Pablo 22222, serdecznie i najszczerzej Cię przepraszam szanowny kolego. Nie pień się tak, bo jeszcze przed wyjazdem na wakacje zawału lub wylewu dostaniesz.. (też przepraszam, za te żarty), ale uwierz mi, że po pierwsze o tych dzieciach to był zupełny i absolutny żarcik, po drugie to w ogóle nie miało w zamiarze odnieść się do twojego posta, po trzecie to był żart "ot tak do tematu", po czwarte wyrażam swój szacunek co do twojej dbałości o czworonoga.. dobrze, że np. nie wyrzucasz na bruk lub nie zamykasz w chacie i dajesz polecenie cioci (lub komuś innemu z rodziny), by się opiekowali nim, z góry wiedząc, że będą przychodzili nie częściej niż 1 raz dziennie po 23-ciej (lub raz na dwa dni)... Oby więcej takich właścicieli piesków.
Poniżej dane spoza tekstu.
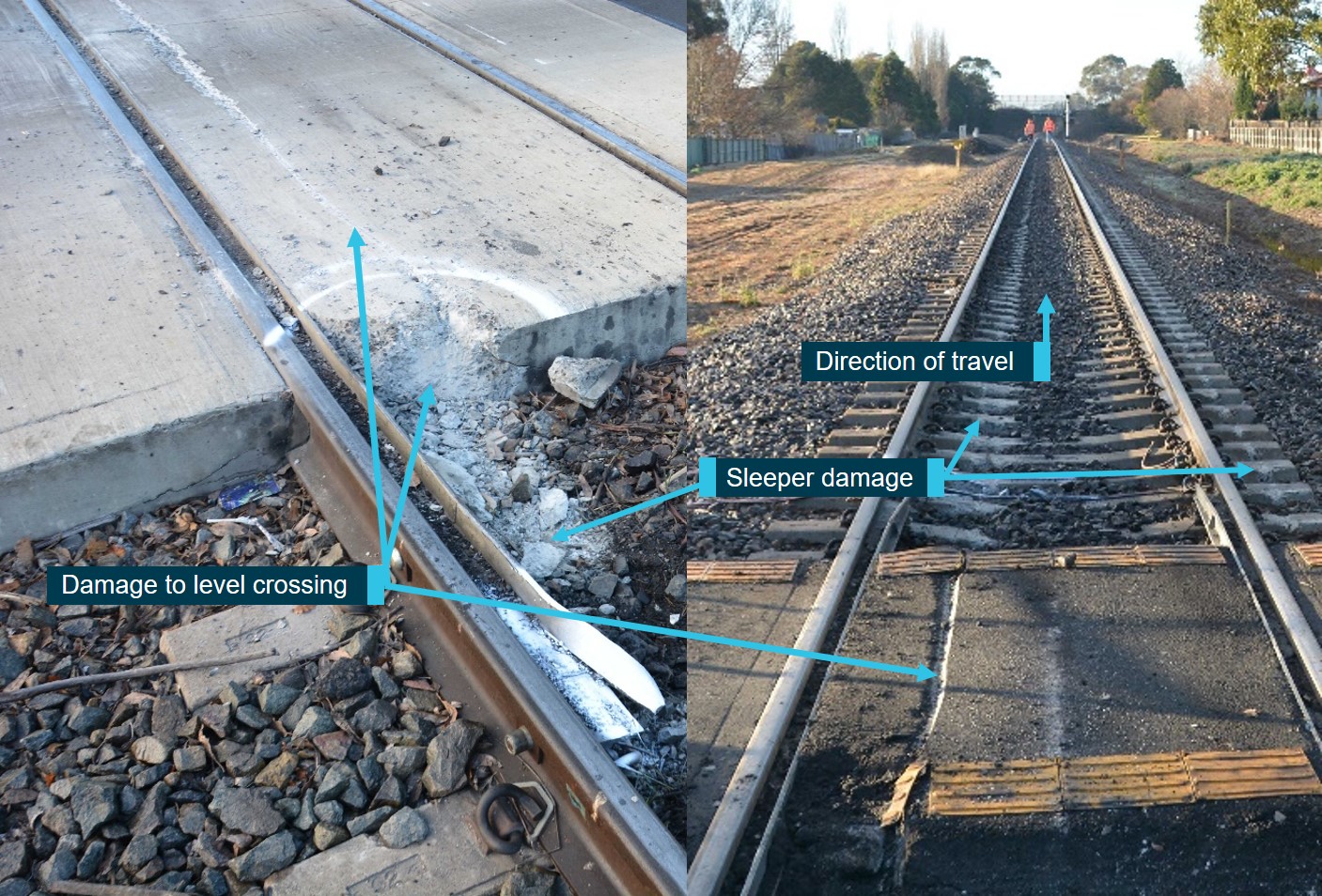 Figure 6: Level crossing damage.<br />
Source: OTSI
Więc nie denrw się tak i wybacz mi te żarty, myślałem, że są zabawne, ale widać nie utrafłem w klimat i się wygłupłem..
A co do wliczania kosztów "przedzakupowych" typu leżaczki, lodóweczki i insze pierdoły, to w takim razie ja się nie zmieszczam w kwocie z tematu tego posta.. a myślałem, żem taki spryciarz..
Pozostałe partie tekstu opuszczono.